ID.	Drug1.	Drug2.	Drug3.	Drug4.
1.	1.	0.	0.	0.
2.	0.	0.	0.	1.
3.	0.	1.	0.	0.
4.	0.	0.	1.	0.
5.	1.	0.	0.	0.

其中 ID 是给每个患者的编号，每个药物变量是一个二元变量，其中 1 表示患者对该药物有某种情况，0 表示 he/she 没有。

为了比较药物之间的疾病发生率比例，我想进行卡方检验，例如：Drug1 vs Drug2、Drug1 vs Drug3、Drug1 vs Drug4、Drug2 vs Drug3、Drug2 vs Drug4 等.
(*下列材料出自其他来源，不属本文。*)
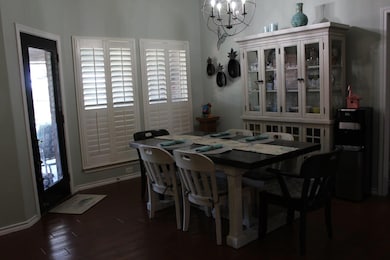 Dining area featuring a chandelier and dark wood 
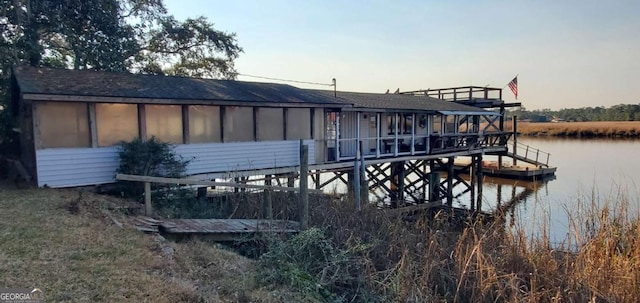 dock area featuring a water view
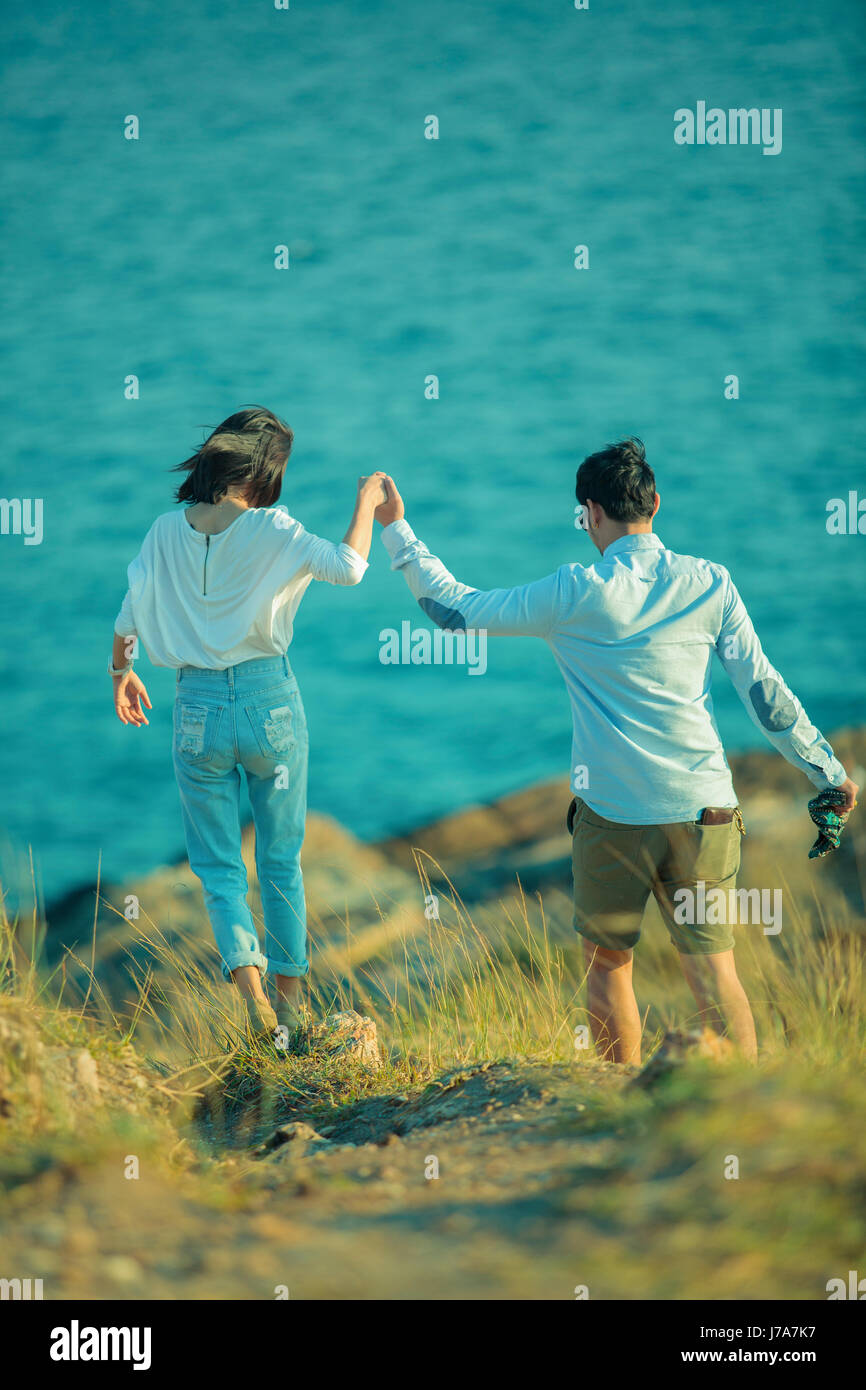 younger man and woman relaxing summer vacation Stock Photo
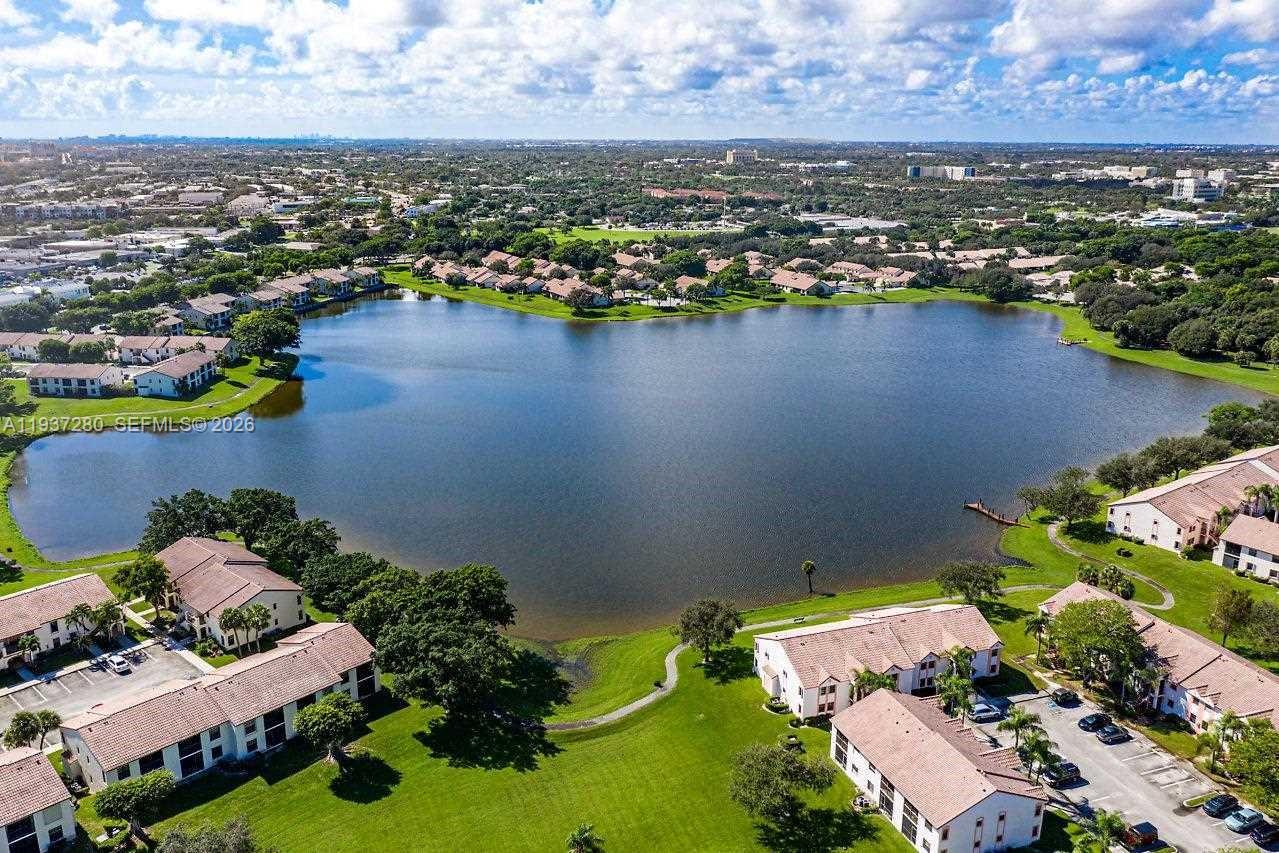 3114 Kingswood Terrace Boca Raton, FL 33431 - Photo 32 of 40 an aerial view of a house with a lake view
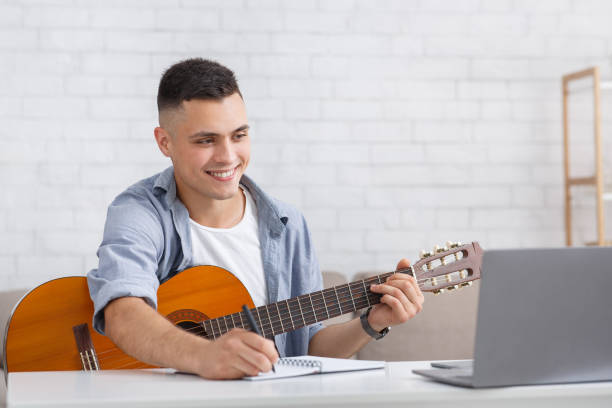 istock Smiling young man watching online lesson, playing guitar and makes notes 1271726581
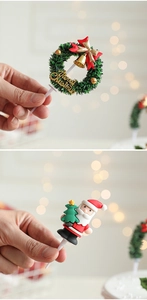Detailed view of Merry Christmas wreath and Santa Claus cake toppers for festive decoration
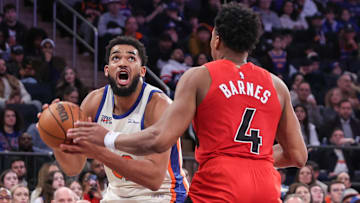 Nov 30, 2025; New York, New York, USA;  New York Knicks center Karl-Anthony Towns (32) looks to drive past Toronto Raptors forward Scottie Barnes (4) in the fourth quarter at Madison Square Garden. Mandatory Credit: Wendell Cruz-Imagn Images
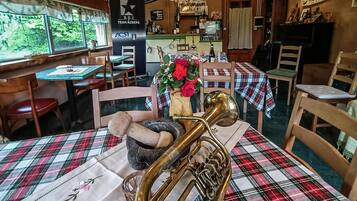 A restaurant with wooden furniture, a brass trombone on the table, and a banner for Team Riders.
如何在 R 中用一行代码完成此操作？顺便说一句，是否有必要对多重比较（例如 Bonferroni）进行校正？

Answer 1

下面是使用 {dplyr} 的 tidyverse 方法。我首先生成一些数据用于运行具有有意义结果的实际测试。然后我们可以用mydat的colnames和combn得到所有的药对。然后我们可以使用 rowwise 和 mutate 并将 chisq.test() 应用于每一行。这里我们使用 V1 和 V2 中的字符串对 mydat 中的变量进行子集化。由于我们在 data.frame 中，如果结果是 non-atomic 向量，我们必须将结果包装在 list 中。我们可以将 chisq_test 与 $p.value 子集以获得 p 值。

library(dplyr) 
set.seed(123)

mydat <- tibble(ID = 1:1000,
                Drug1 = round(rnorm(1000, 0.8, sd = 0.5)),
                Drug2 = round(rnorm(1000, 0.6, sd = 0.5), 0),
                Drug3 = round(rnorm(1000, 0.5, sd = 0.5), 0),
                Drug4 = round(rnorm(1000, 0.3, sd = 0.3), 0)
                ) %>% 
  mutate(across(starts_with("Drug"), ~ case_when(.x >0 ~ 0,
                                                 .x <1 ~ 1,
                                                 TRUE ~ .x))
  )

mydat %>% 
  select(-ID) %>% 
  colnames() %>% 
  combn(2) %>% 
  t() %>% 
  as_tibble() %>% 
  rowwise %>% 
  mutate(chisq_test = list(
    table(mydat[[V1]], mydat[[V2]]) %>% chisq.test()
    ),
    chisq_pval = chisq_test$p.value
    )

#> Using compatibility `.name_repair`.
#> # A tibble: 6 x 4
#> # Rowwise: 
#>   V1    V2    chisq_test chisq_pval
#>   <chr> <chr> <list>          <dbl>
#> 1 Drug1 Drug2 <htest>       0.00694
#> 2 Drug1 Drug3 <htest>       0.298  
#> 3 Drug1 Drug4 <htest>       0.926  
#> 4 Drug2 Drug3 <htest>       0.998  
#> 5 Drug2 Drug4 <htest>       0.574  
#> 6 Drug3 Drug4 <htest>       0.895

^{由 reprex package (v2.0.1)}

于 2022-04-04 创建

下面是我的旧答案，它比较了每种药物中 0 和 1 的分布，这不是 OP 所要求的，正如@KU99 在评论中正确指出的那样。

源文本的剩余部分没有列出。